◆ **PROBLEM TO SOLVE**
Repeat the lines of the data exactly and exclude any picture among them.

Short web captions

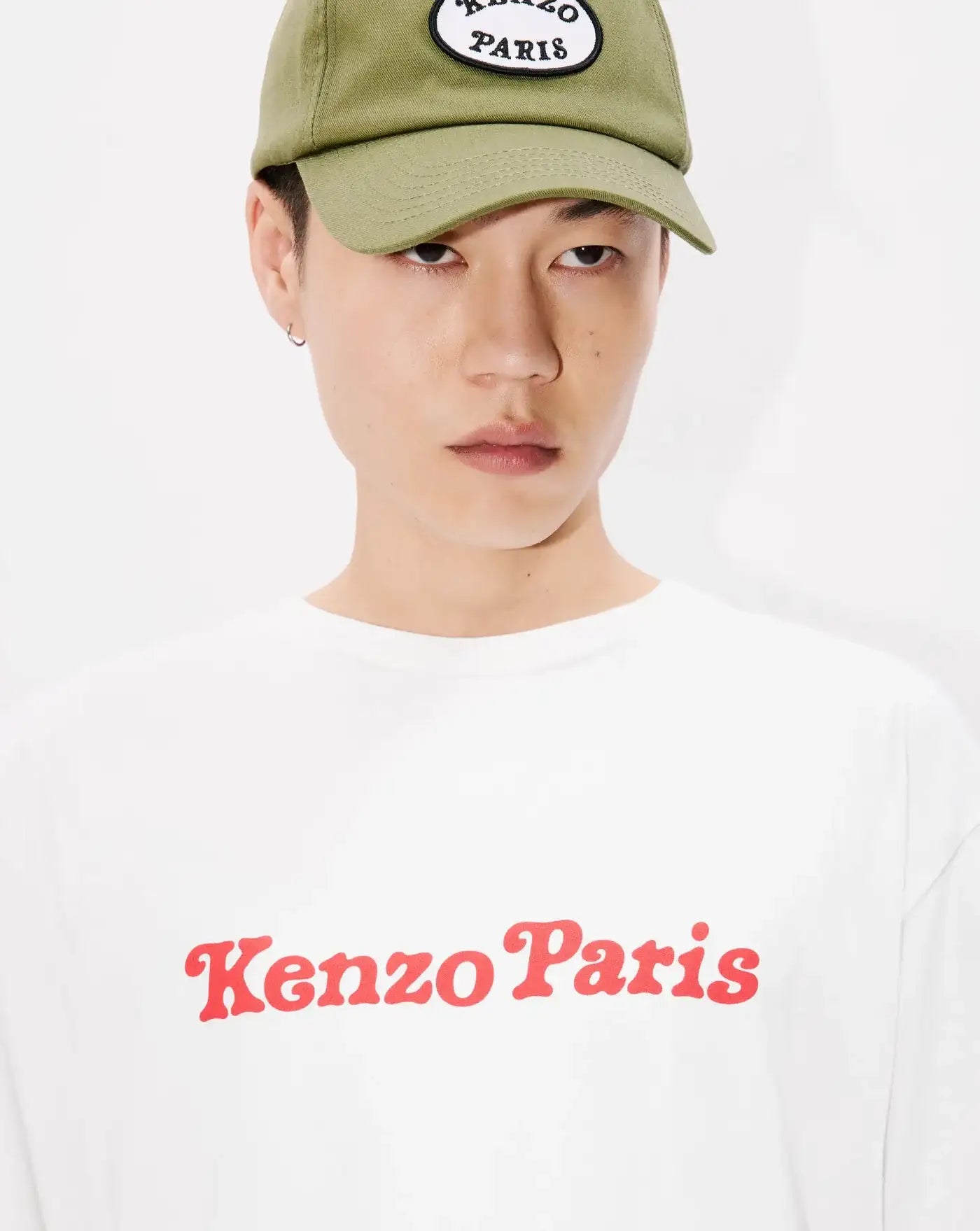 Camiseta Kenzo x Verdy Market FF58TS4814SG 02 KENZO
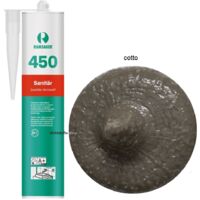 Ramsauer 450 Sanitär Silikon Fugen Dichtstoff 310ml Kartusche cotto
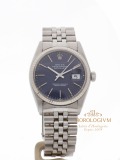 Rolex Datejust REF. 16014 watch, silver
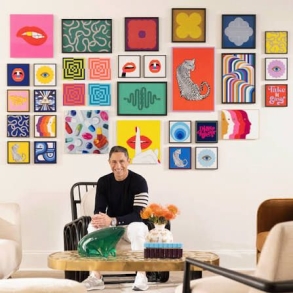 Jonathan Adler y la Decoración Happy Chic que Encuentras en Iskia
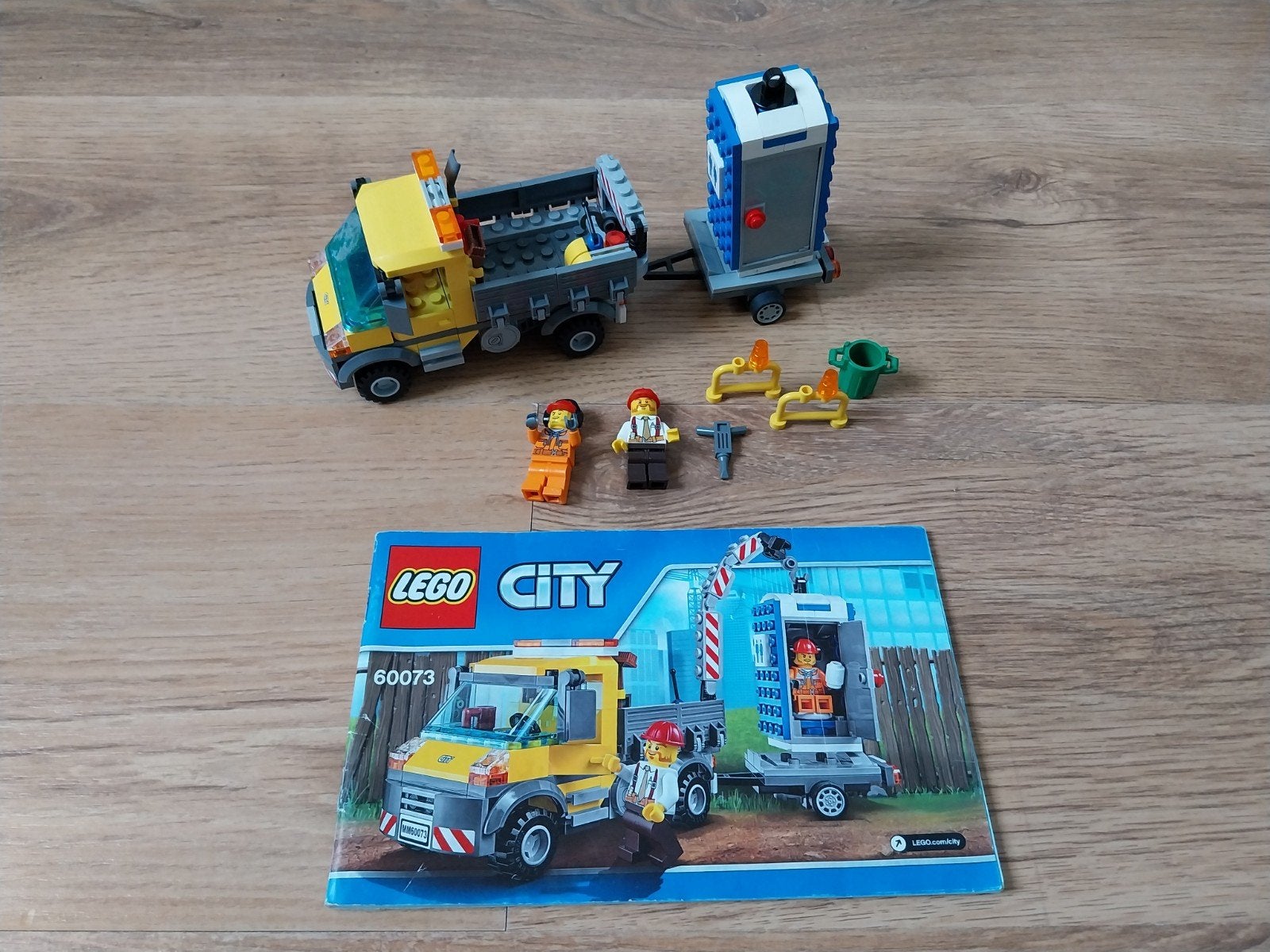 lego 60073 dienstwagen, Ophalen of Verzenden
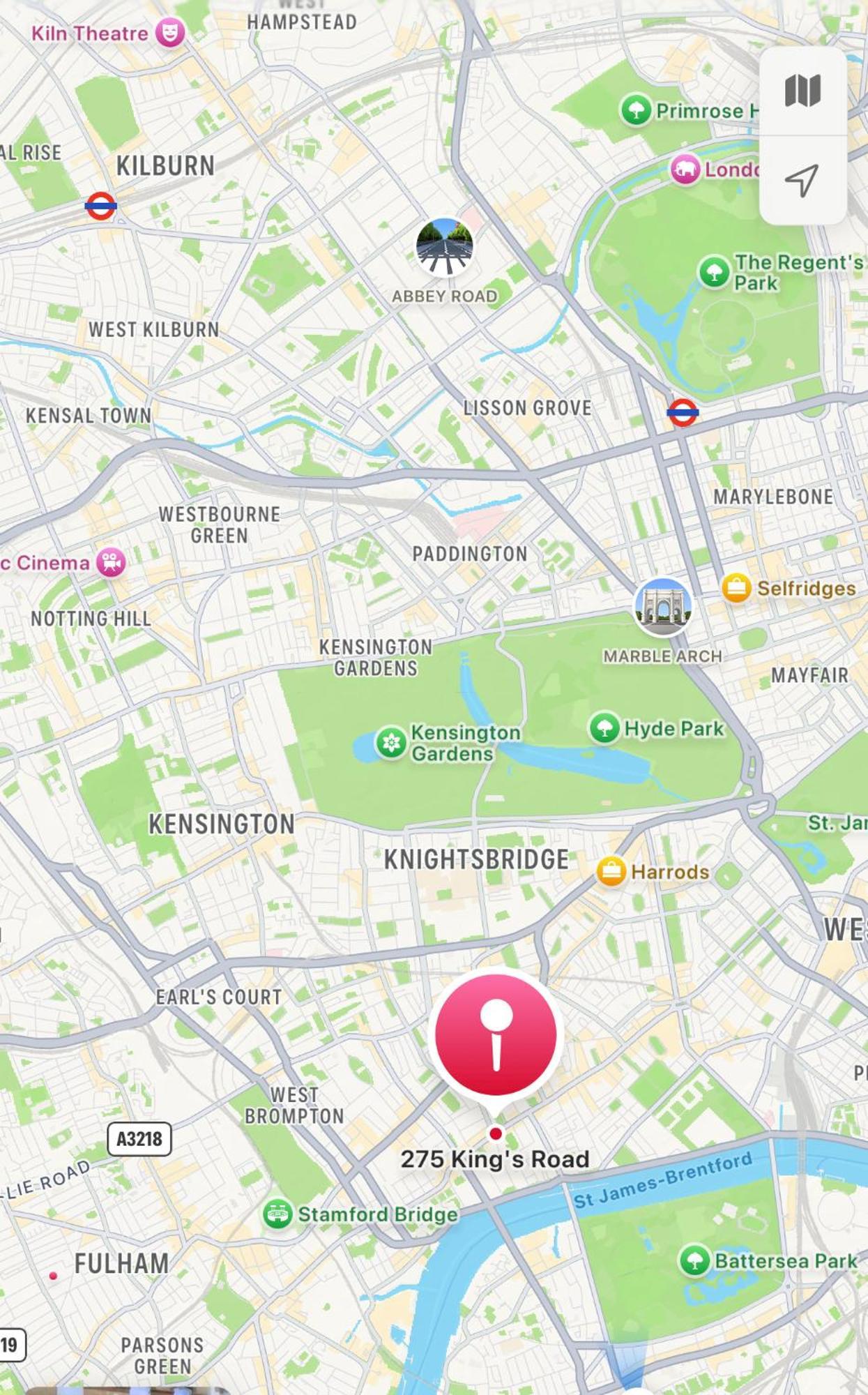 Chelsea Living * Londres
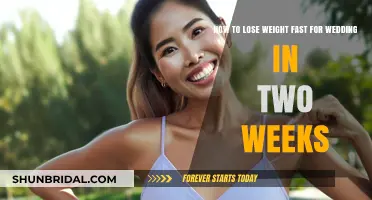 Quick Wedding Weight Loss: 2-Week Plan for Your Big Day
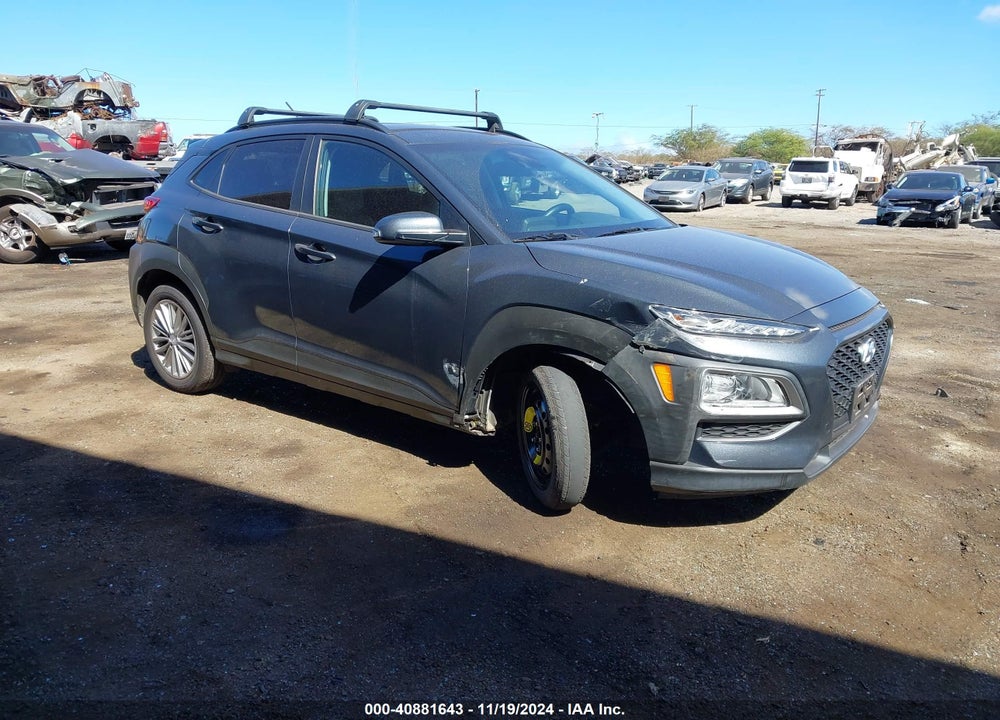 2020 HYUNDAI KONA SEL VIN: KM8K22AAXLU525744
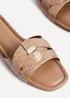 Linzi Fletcher Mocha Slider Sandals - 7 Image 5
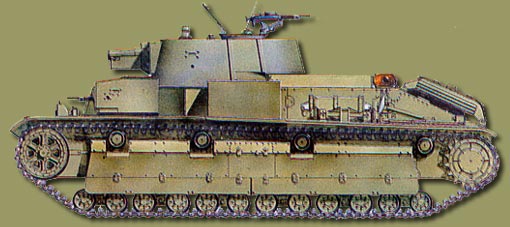 Т-28 в стандартном летнем камуфляже 1940-1941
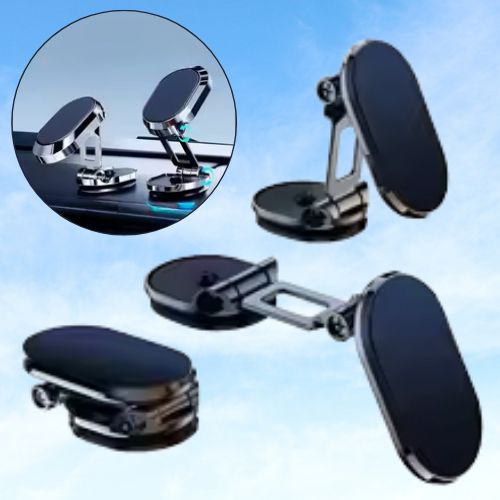 SUPPORT TÉLÉPHONE MAGNÉTIQUE VOITURE STABLE ET FIABLE
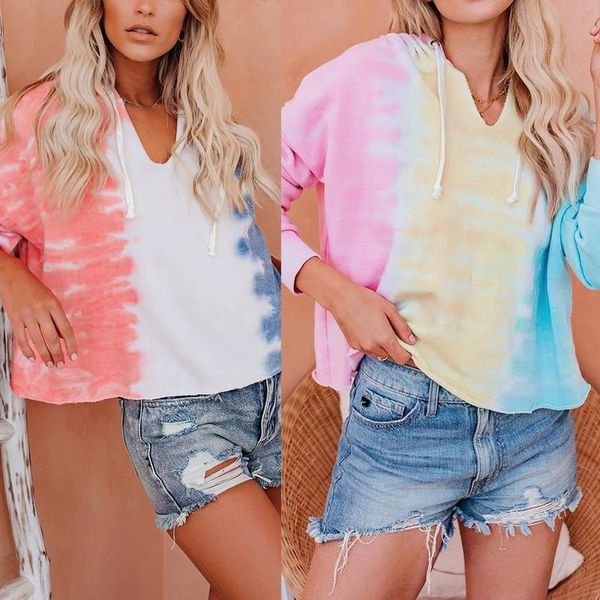 women's hoodies & sweatshirts casual tie-dye loose women shirt high fashion harajuku hooded sweatshirt ladies autumn, Black
women's hoodies & sweatshirts casual tie-dye loose women shirt high fashion harajuku hooded sweatshirt ladies autumn, Black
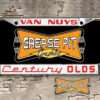 Century Oldsmobile Van Nuys License Plate Frame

◆ **OUTPUT OF THE TASK**
 Camiseta Kenzo x Verdy Market FF58TS4814SG 02 KENZO
 Ramsauer 450 Sanitär Silikon Fugen Dichtstoff 310ml Kartusche cotto
 Rolex Datejust REF. 16014 watch, silver
 Jonathan Adler y la Decoración Happy Chic que Encuentras en Iskia
 lego 60073 dienstwagen, Ophalen of Verzenden
 Chelsea Living * Londres
 Quick Wedding Weight Loss: 2-Week Plan for Your Big Day
 2020 HYUNDAI KONA SEL VIN: KM8K22AAXLU525744
 Linzi Fletcher Mocha Slider Sandals - 7 Image 5
 Т-28 в стандартном летнем камуфляже 1940-1941
 SUPPORT TÉLÉPHONE MAGNÉTIQUE VOITURE STABLE ET FIABLE
 women's hoodies & sweatshirts casual tie-dye loose women shirt high fashion harajuku hooded sweatshirt ladies autumn, Black
women's hoodies & sweatshirts casual tie-dye loose women shirt high fashion harajuku hooded sweatshirt ladies autumn, Black
 Century Oldsmobile Van Nuys License Plate Frame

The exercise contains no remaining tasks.